Hello all, I heard from a good source the Ikuna, ex Wallarah built 1986 has been sold for demolition. She is a self discharging bulker and these ships can often have quite long lives due to their specialist nature. Can any member from Southern Australia or NZ confirm this or has anyone seen her lately?
She was in my home port (mackay) a few years ago, I was hoping to see her again to take some more photographs for my model building.
Thanks in advance
Mcwee


----------



## gdynia (Nov 3, 2005)

Please Find

Ikuna (ex-Wallarah). IMO 8512073. Bulk carrier.
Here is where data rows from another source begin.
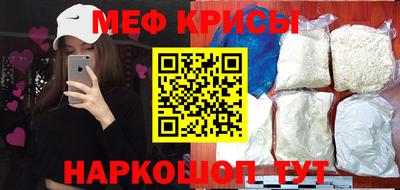 бутик Беслан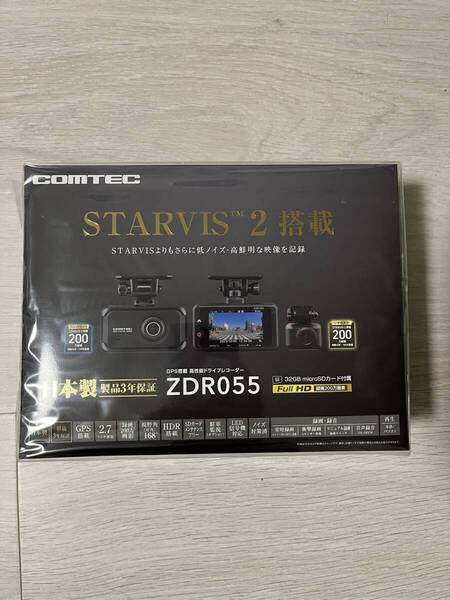 ZDR055 コムテック 前後2カメラドライブレコーダー 新品未使用品 COMTEC 最安値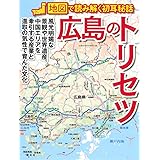 広島のトリセツ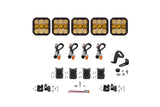 Diode Dynamics SS5 Sport Universal CrossLink 5-Pod Lightbar - Yellow Combo - DD6797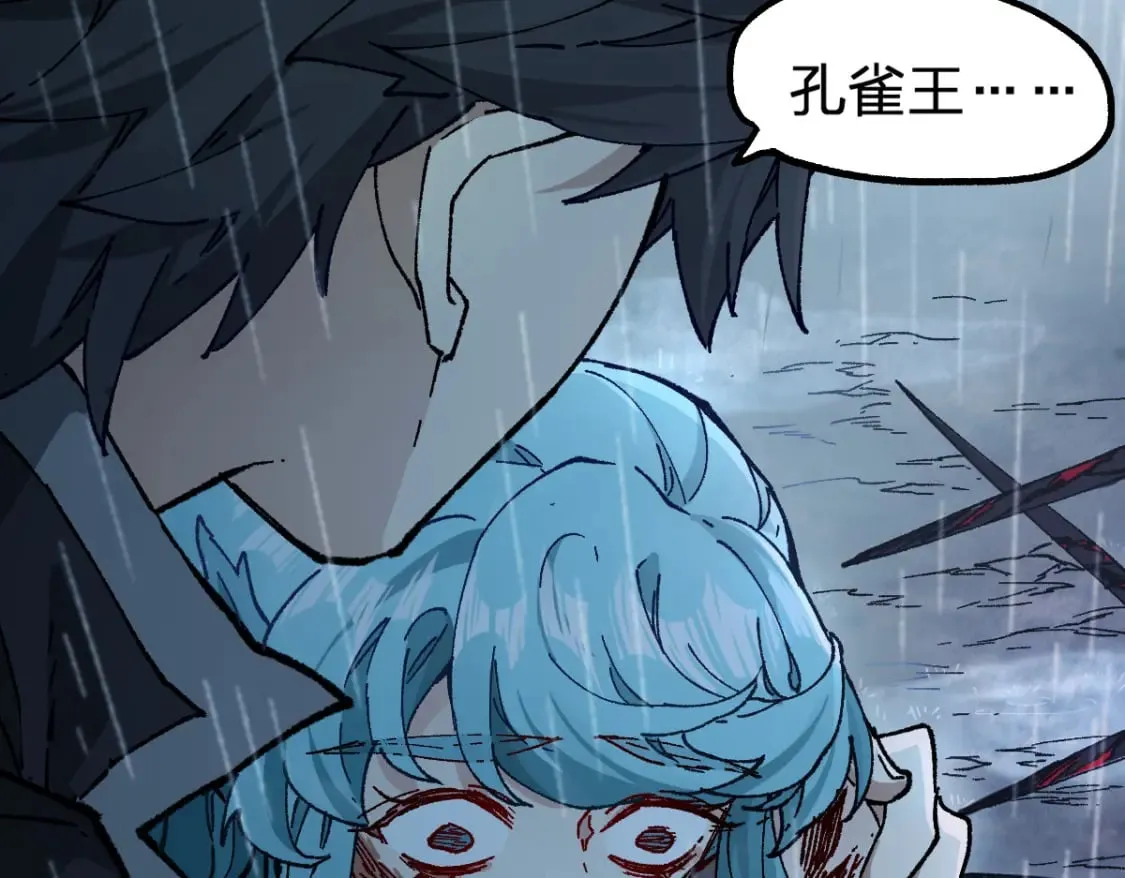 第216话 杀穿西线！ 第15页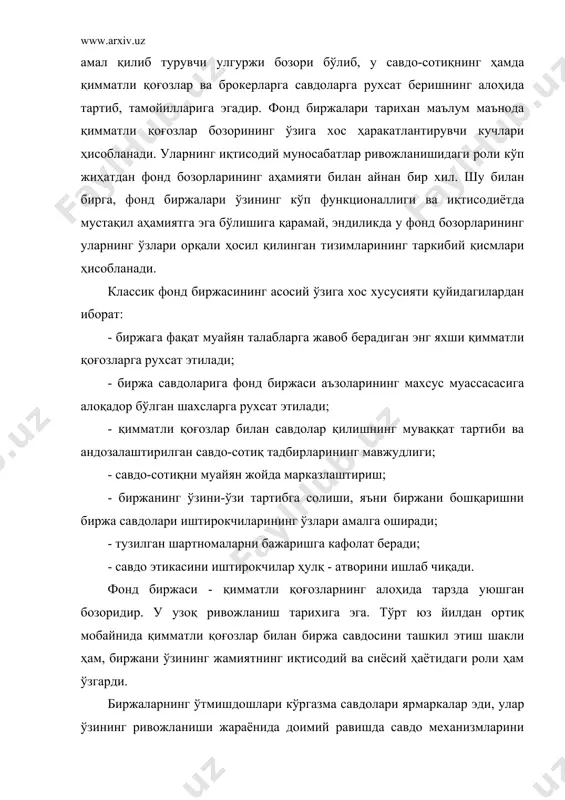 ат жиҳатдан бир хил бўлиши, миқдорига кўра сони, ҳажми ёки оғирлиги билан белгиланган бўлиши, ушбу туркумдан исталган бошқа товар билан алмаштирилиши мумкин бўлиши лозим эди. товар биржаларининг ўсиши уларнинг сафидан алоҳида биржаларнинг ажралиб чиқишига олиб келди. уларда фақат ўзига хос хусусиятли товар қимматли қоғозлар билан савдо-сотиқ қилинди. дастлаб бундай биржалар товар биржаларининг ёрдамчи бўлимлари шаклида фаолият кўрсатди. бироқ, валюта айирбошлаш операцияларининг кенгайиши, муомалада тижорат вексельларининг пайдо бўлиши қимматли қоғозлар билан савдо-сотиқ қилишга ихтисослаштирилган муассаса – фонд биржаларининг ташкил этилишига заминлар яратди. биринчи фонд биржасининг пайдо бўлишини тарихчи олимлар 1592 йилдан, яъни антверпенда биржага тақдим этилган қимматли қоғозлар нархларининг рўйхати эълон қилинган вақтдан ҳисоблашади. xvi – xvii асрларнинг охирида баржаларда янги товар давлат қимматли қоғозлари, англияда ост-инд ва голландияда вест-инд компанияларининг вужудга келиши билан эса, дастлабки акциялар пайдо бўлди. 1792 йилда америка қўшма штатларида жаҳондаги бирча биржаларнинг энг йириги нью-йорк фонд биржаси ташкил этилди. унинг кетидан европанинг қатор бошқа биржалари барпо …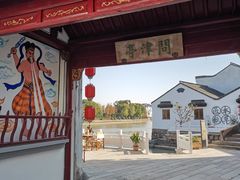 -丝绸小镇荻港古村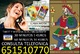 Tarot 24 horas / videncia real / visa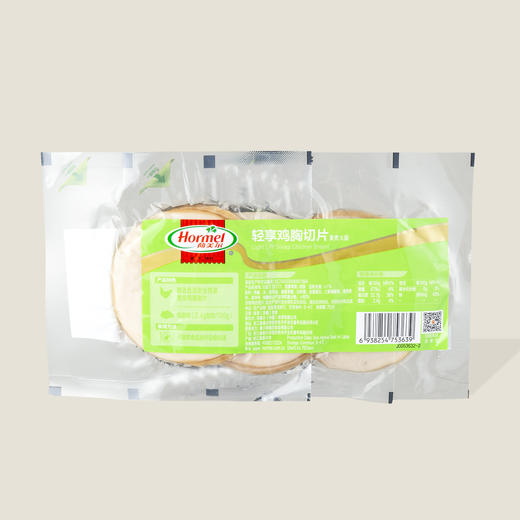 荷美尔轻亨鸡胸肉切片 120g 商品图1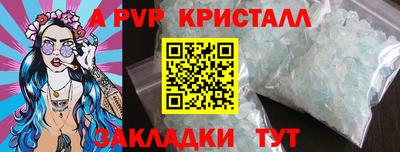 кристаллы Ликино-Дулёво
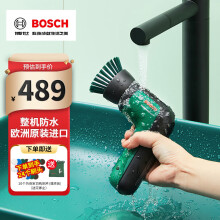 博世（BOSCH）电动清洁刷子车家两用多功能厨房强力无线手持浴室瓷砖卫生间神器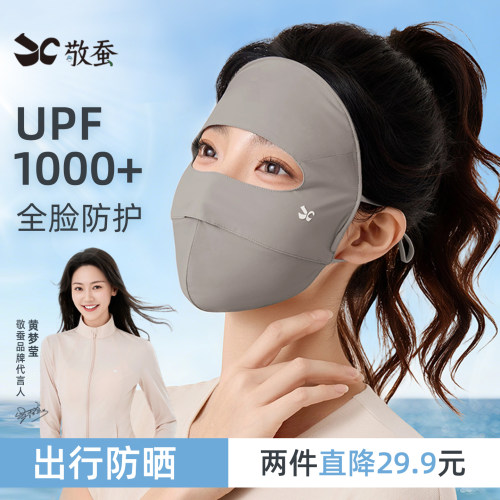 敬蚕冰丝防晒面罩四季防紫外线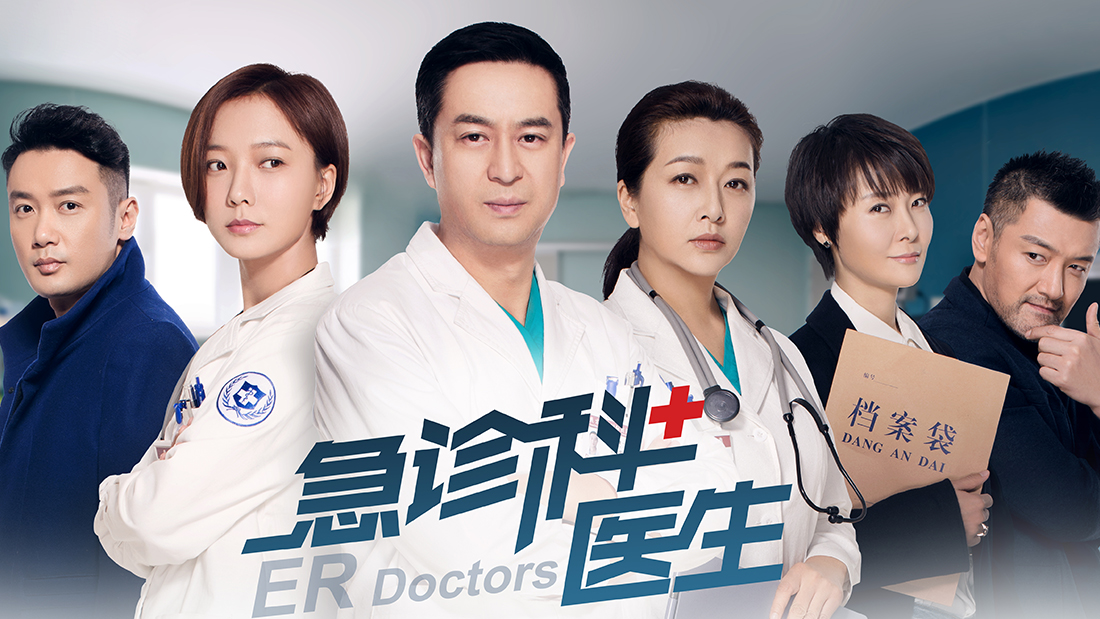 er-doctor.jpg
Length 97 m, 2,865 t. Tonga flag. Classification society
Det Norske Veritas. Built in 1986 in Ube (Japan) by Ube Docks. Owned by Inco Ships Pty Ltd
(Australia). Sold for demolition in India.


----------



## trotterdotpom (Apr 29, 2005)

McWee there are some photos of her in the SN gallery, if that is any use. She was a neat little ship - remember seeing her in Newcastle when she commenced on the coast.

John T


----------



## mcwee (Oct 23, 2005)

*Wallarah*

Hi trotterdotpom,thanks for that, I sailed on her for about 3 yrs or so late 1999 until mid 2002 when she was sold/flagged out to Tonga and traded further afield. I'm building a model of her and as always have found that the photographs I have and my memory leaves out some small details, looks like I will have to use some modellers licence. at least there won't be anyone who can say "hey that's not correct I saw her last week and etc etc". I know they are just steel objects but the Wallarah will Be special for me at least.


----------



## gdynia (Nov 3, 2005)

Do a google search with Merchant Ship ikuna, ex Wallarah 
theres alot of good photos of her


----------



## murrayis (Aug 20, 2010)

Hi
The following website confirms she has been scrapped
http://merseyshipping.blogspot.com/2011/05/ship-demolitions-as-of-19th-may-2011.html


----------



## mcwee (Oct 23, 2005)

*Wallarah*

Hi Murray, thanks for the link.
bugger. All good things come to an end i suppose
:-(


----------